By Ashley McIlwain

Have you ever closed one eye and looked at something? Then looking at the same object, closed the other eye? Repeating this back and forth is quite fascinating. The people around you might think you are losing it, but it’s amazing how each eye sees the same object so differently. When both are open, you get a much more in-depth and complete view. It’s phenomenal how both eyes working together create and capture the whole picture … it reminds me of marriage.

Individually we see things one way. Individually we are great, valuable, and important. Individually we matter and can accomplish great things. When we get married though, we can see a more complete and comprehensive view of things. Together we are powerful and can accomplish even more. Together, we are a force to be reckoned with.

It’s not that being single is bad, wrong, or insufficient. It’s just that marriage does bring about this whole new layer to what we see, perceive, and can achieve. Just as each eye is completely capable of observing an object correctly, as individuals we are fully functioning and capable. Yet, it’s when we open that other eye that we are able to view more dimensions to what we’re looking at. In marriage, when we bring two different perspectives together, we see a whole new set of layers, facets, and depth.

What’s interesting is the concept of our blind spot. Each eye has a very small gap in its visual field. Why don’t we notice it? Because each of our eyes also has a visual field that overlaps with the other to compensate for that gap. Our brain is “very efficient at using the information from the other eye and other spatial information to “fill in” missing information. Your brain continually makes its best guess as to what is missing.”

I think the same is true for us as individuals. We have “blind spots.” These blind spots are areas of our lives where we may be struggling, lacking awareness, or just not very skilled, inclined, or talented in. They are a sort of gap in our abilities.

Filling in the Gaps

One of the many wonderful things about marriage is that as a couple we often compensate for the other person’s blind spots. We fill in each other’s gaps. Our abilities, talents, interests, and strengths overlap one another making us more effective and stronger.

Blind Spots

Living in Southern California with my family all back east, I have discovered just how much my husband and I have really adapted this is concept of overlapping and filling in one another’s gaps. Often times he can’t make the trip back home with me, so I go alone, and it amazes me how dependent I have become on him. We have delegated responsibilities and duties to one another to complete the picture, so when I’m not with him, I feel like the walking wounded in a lot of ways.

For example, Steve usually does the driving when we’re together. He enjoys being the one behind the wheel, and since he’s usually better with knowing where he’s going anyway, I’m content in my passenger seat. When I go home though, I find myself waiting by the passenger side door sometimes when I’m the one supposed to drive. It always makes me chuckle and smile to see just how much our lives have become intertwined over the years.

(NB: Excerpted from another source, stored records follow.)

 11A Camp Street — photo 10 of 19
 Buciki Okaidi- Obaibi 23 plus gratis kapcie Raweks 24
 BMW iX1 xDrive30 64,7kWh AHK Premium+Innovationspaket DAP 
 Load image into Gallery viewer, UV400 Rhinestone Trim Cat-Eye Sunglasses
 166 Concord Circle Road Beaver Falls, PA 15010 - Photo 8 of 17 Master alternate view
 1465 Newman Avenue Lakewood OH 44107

On a more important note though, Steve has shown me other more important blind spots in my life. I didn’t realize just how independent I was before I met him. I was used to being the one others relied on, came to for advice or help, and looked to fix, solve, or resolve things. Being the “go to” person for others has always been my role, and over the years, I’ve learned to silence my own needs, emotions, and ability to receive from others. When we started dating, Steve immediately picked up on this, and slowly but surely he has taught me that it’s ok to ask for help, to have wants and desires, and to be on the receiving end of blessings. He’s also given me a safe place to be vulnerable and to open up in ways I just never did before. As a result, I have learned so much about myself and have grown tremendously.

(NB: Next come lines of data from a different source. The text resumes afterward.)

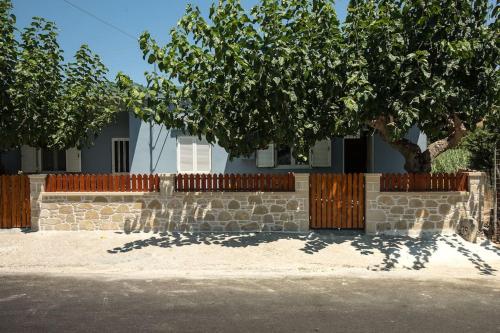 Around trees gîte à louer Kotsianá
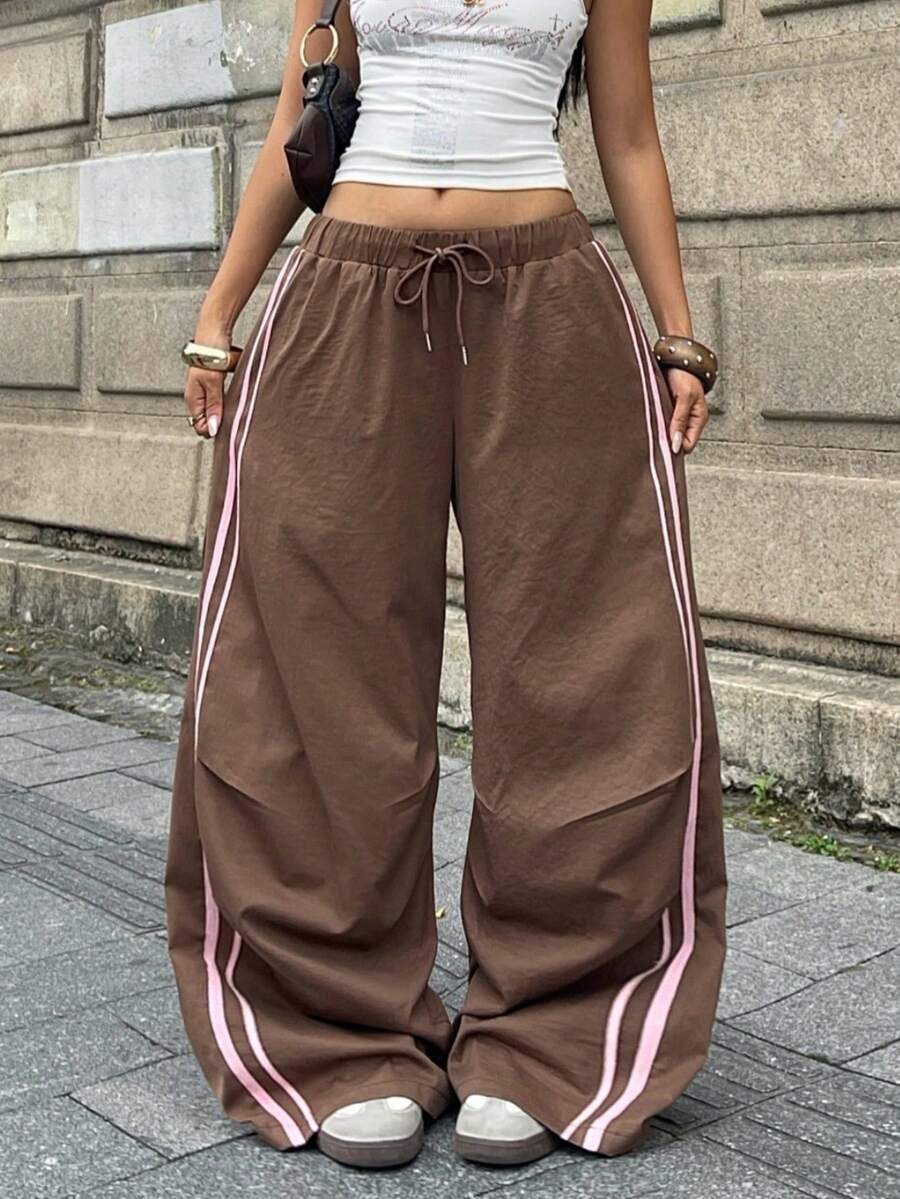 Coolane 女士夏季街头休闲外出运动日常穿搭返校节条纹纹理装饰宽松低腰弧形裤 - 棕色 - 查看 1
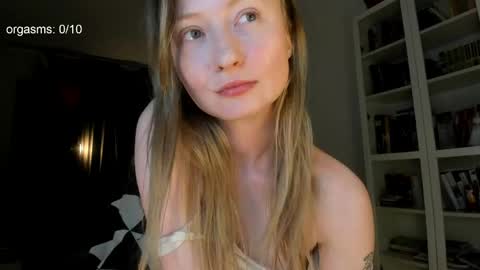SOPHIE online show from 06/07/26, 08:12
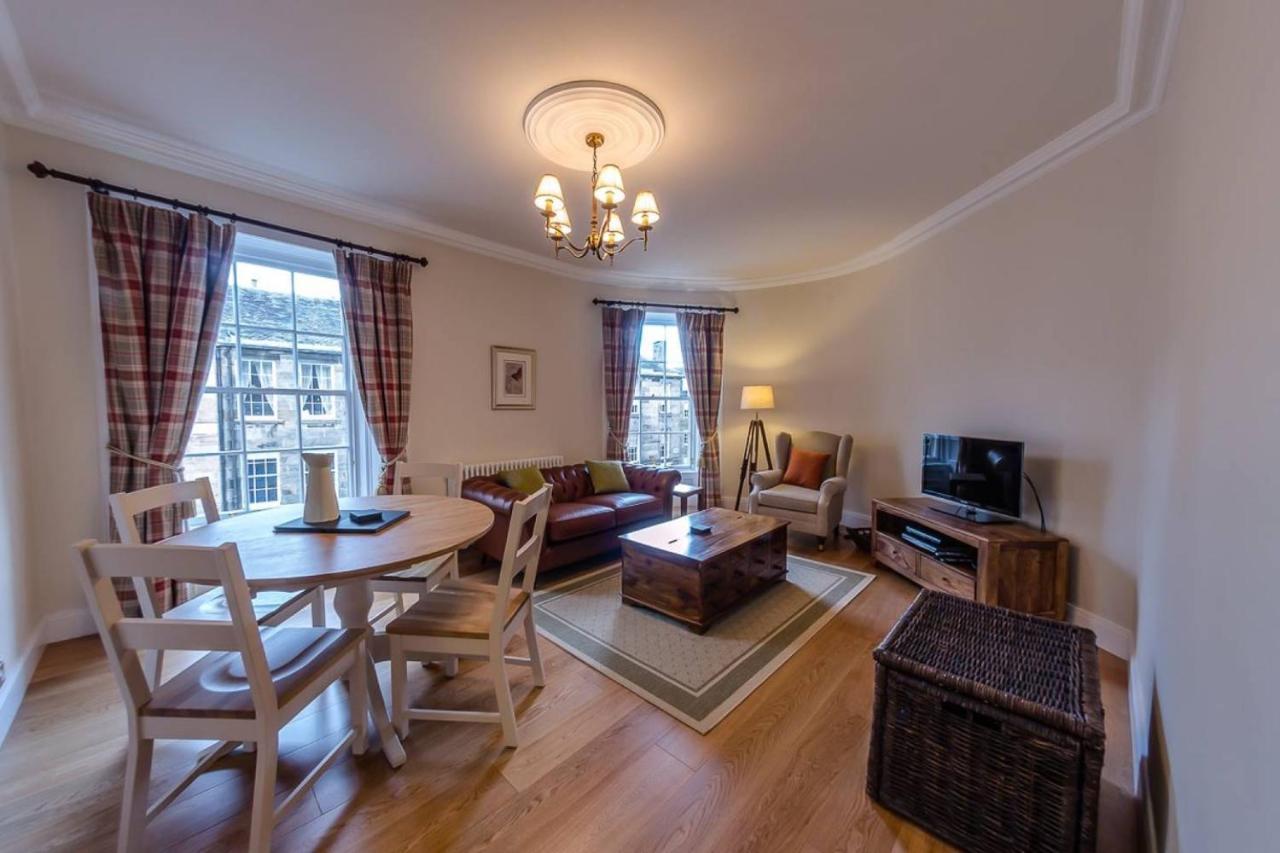 Joivy Stylish Apt In Trendy New Town Location Edinburgh Exterior photo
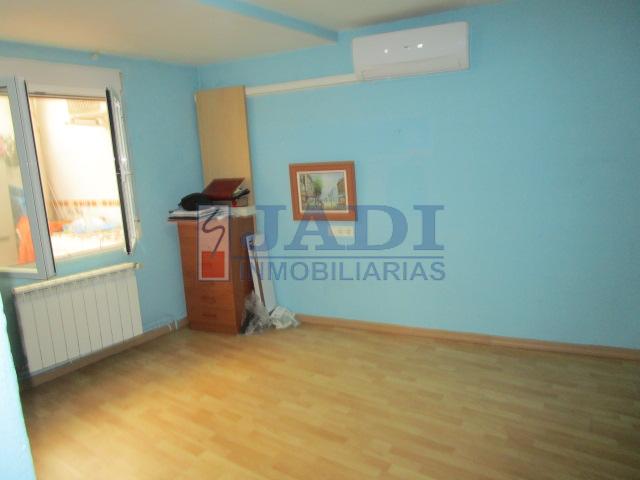 For sale of house in Valdepeñas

Steve has also had a lot of similar experiences where I’ve been able to point out some of his blind spots. Now having the ability to see areas of growth he couldn’t before, together we have worked on and through them. It’s beautiful to see us grow as individuals because of our growth together.

Beyond Us

Being married also opens our eyes to the blind spots of those around us. Together we can identify the needs that exist in our families, friends, and community and then work as a team to do something about it. Together we can help each other identify our strengths, talents, and passions to make a difference in this world and pursue God’s plans and purpose for our lives. Whereas we might not have seen those areas of need or our ability to impact, our spouse can help point those out and encourage us to reach out in ways we never would have otherwise.

Perspective on Problems

Furthermore, when an issue arises whether it’s an individual, marital, or any other kind of problem, we’re able to come at it from two different directions. We combine our thoughts and perspectives to get a more thorough take on what’s happening and what can be done about it. It helps to tackle something when we see all the angles.

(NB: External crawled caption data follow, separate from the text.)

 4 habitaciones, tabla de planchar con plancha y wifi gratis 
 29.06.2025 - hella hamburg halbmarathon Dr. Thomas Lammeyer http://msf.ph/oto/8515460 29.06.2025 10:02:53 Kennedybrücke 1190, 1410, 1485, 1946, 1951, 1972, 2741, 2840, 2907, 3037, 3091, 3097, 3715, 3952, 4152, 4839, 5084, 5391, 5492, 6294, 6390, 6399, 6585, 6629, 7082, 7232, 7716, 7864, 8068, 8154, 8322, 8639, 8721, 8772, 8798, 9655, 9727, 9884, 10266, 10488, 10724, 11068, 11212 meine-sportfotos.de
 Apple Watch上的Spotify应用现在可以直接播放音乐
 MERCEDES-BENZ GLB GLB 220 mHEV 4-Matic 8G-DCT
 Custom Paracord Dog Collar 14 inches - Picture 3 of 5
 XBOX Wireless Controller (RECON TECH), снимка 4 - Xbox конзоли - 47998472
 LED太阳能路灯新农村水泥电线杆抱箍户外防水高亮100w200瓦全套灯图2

Granted our differing perspectives can sometimes cause a bit of dissonance at first, but when we’re willing to actually put our heads together, we are much better off. Together we can see all the layers and angles to the problem as well as their potential solutions. Two people can usually brainstorm a lot more solutions than just one person can, and then collectively you can put your heads together to execute the right plan of attack for the problem.

Having a spouse is like opening both eyes up. You can see things so much more clearly. Suddenly there are dimensions and layers visible to ourselves and the world that were previously hidden. Our spouse helps compensate for our blind spots, and together, we are stronger, wiser, and all around better for it. Together we can see the complete, bigger picture like two eyes wide open.